Beim zweiten Böller fing das dürre Gras Feuer. Beherzt sprang Stephan Mäser mit einem Wassereimer anno 1902 den Hang hinauf, kippte ihn über die Glut, ließ sich einen zweiten reichen, bis er schließlich einen Schlauch gereicht bekam. «Feuer aus», konnte er nach zwei gezielten Wasserstößen melden – und freute sich natürlich über spontanen Beifall.

Die historischen Löschgeräte passten wunderbar in die Umgebung der Oldtimer-Schau, die auf dem Festgelände stattfand. Darunter befanden sich auch etliche Feuerwehrfahrzeuge, die schon etwas in die Jahre gekommen sind. Es dürften einige Tausend Menschen gewesen sein, die wieder Freude an den alten Gefährten hatten, mit Interesse die Übungen verfolgten und mit der Feuerwehr Massenheim feierten.

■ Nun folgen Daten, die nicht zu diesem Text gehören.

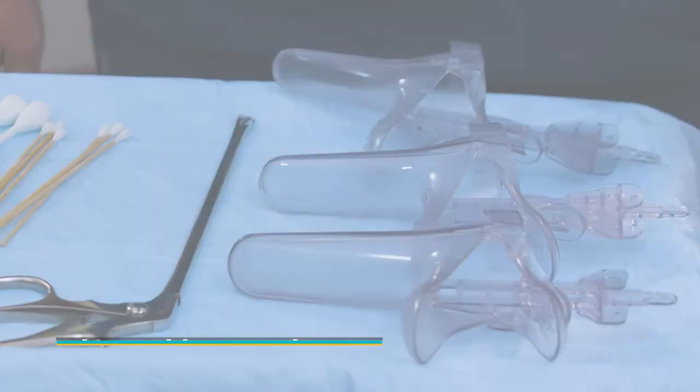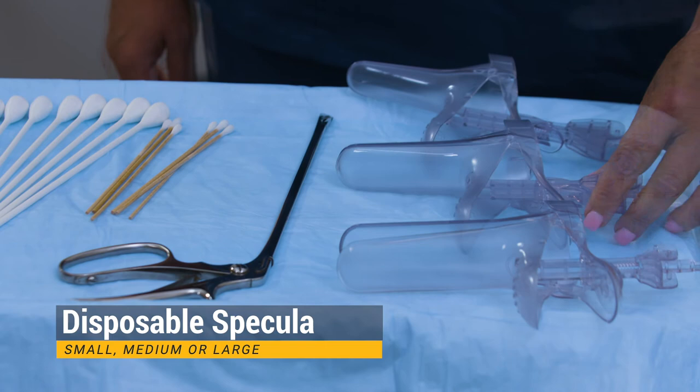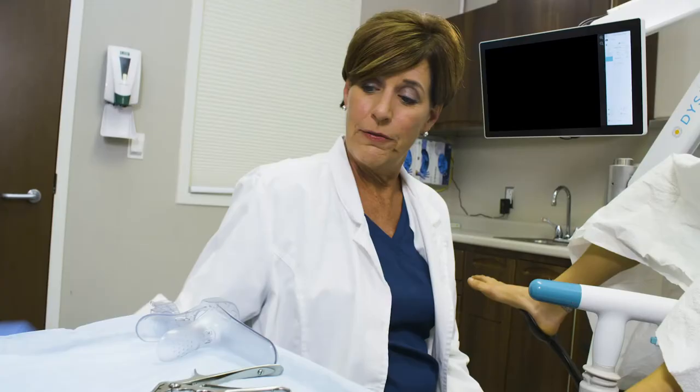Dysys has three sizes of proprietary disposable specula: small, medium, and large. Ensure there are a variety of sizes available for the provider. Dysys Ultra is now ready for the examination.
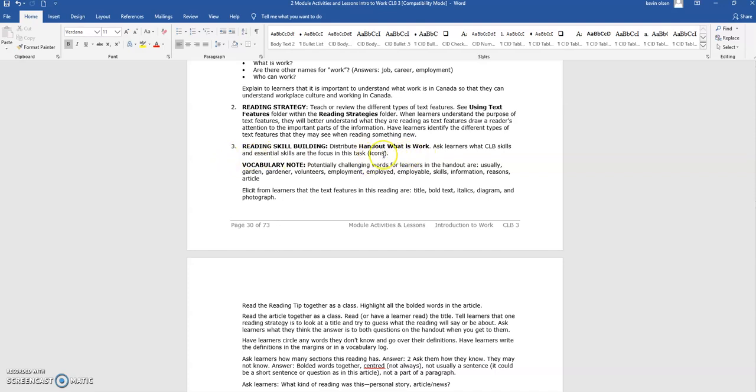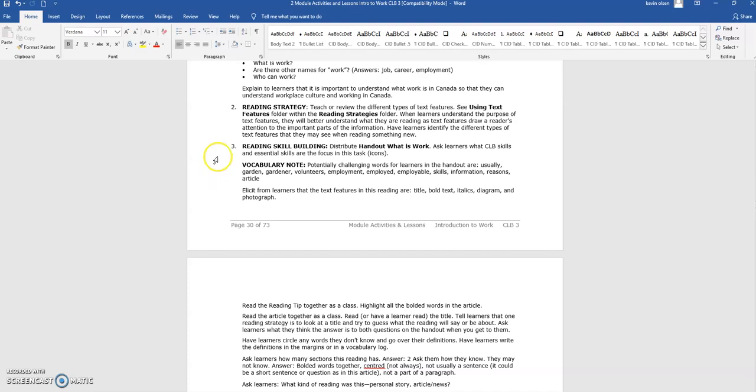The handouts and files that should be used are bolded in the instructions for easy navigation. After each handout is mentioned for the first time in the lesson plan, you will see a vocabulary note that lists the words in the handout that learners may need to be pre-taught or helped with.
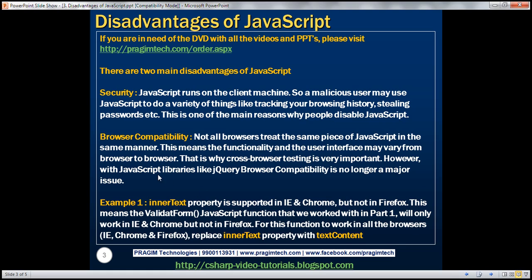However, with JavaScript libraries like jQuery, browser compatibility is no longer a major issue. We will discuss jQuery in detail in a later video session.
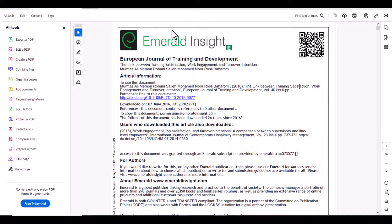Bismillahirrahmanirrahim, hello everyone, welcome to my channel Research and Analysis. My name is Dr. Gamran. In this video we will discuss how to find a questionnaire for your thesis or research article.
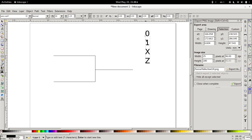Now, 0 and 1 are pretty self-explanatory — they're digital low and high. x and z are slightly more complicated. An x denotes uncertainty; we're not really sure what it is, so we call it x. And z stands for high impedance, which essentially means not connected. Those are the four states that a wire essentially can be in: low, high, not sure, disconnected.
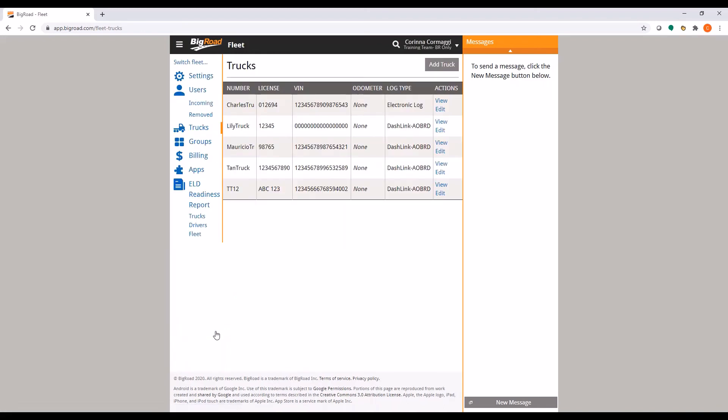You will now see this truck in your list of trucks on the truck screen. This truck will also be available for your drivers to select in the mobile app.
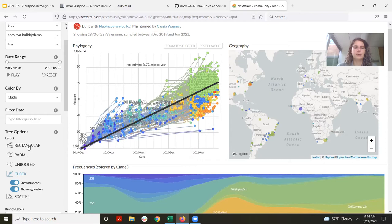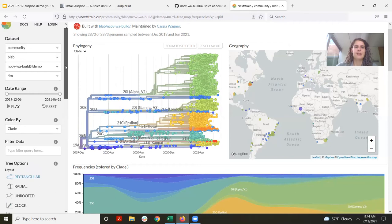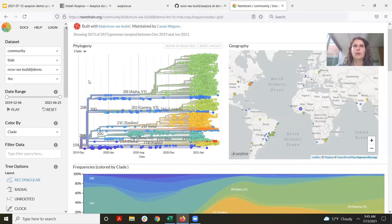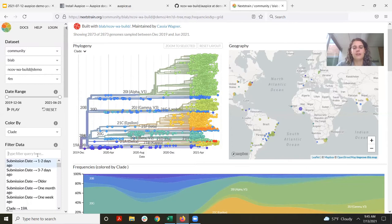This is a Washington state-focused tree, built to explore and keep track of what's going on with SARS-CoV-2 in the state of Washington. When we constructed the tree, we put a lot of thought into deciding what non-Washington sequences to include so we can appropriately construct introductions into the state. But when I'm exploring it, a lot of those sequences are not what I want to look at. So the first thing I'll do is filter out sequences that are not from Washington.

Viele der Aussteller sind den Massenheimern längst keine unbekannten mehr. Wie üblich wurden auch wieder die ältesten Fahrzeuge mit Preisen belohnt. Frank Peters, der mit seinem Lanz Alldog, Baujahr 1956, aus Nieder-Eschbach nach Massenheim gekommen war: «Die kurze Strecke geht gerade noch». Sein 1140 Kilo schwerer Traktor leistet 20 PS.

Ebenso alt wie die Massenheimer Feuerwehr ist die Horex S 3, mit der Gerhard Müller aus Friedrichsdorf im Taunus gekommen war. 300 Kubikzentimeter und 13 PS sind im Brief des Zweirades vermerkt.

Im Gründungsjahr der Jubiläumswehr war das älteste Auto der Ausstellung bereits seit sechs Jahren auf der Straße: ein BMW Dixi, Baujahr 1929. Sein stolzer Besitzer, Björn Ackermann, wohnt in Bad Vilbel. «Laut Tacho bringt er mit seinen 15 PS tatsächlich heute noch 120 Sachen», freut er sich.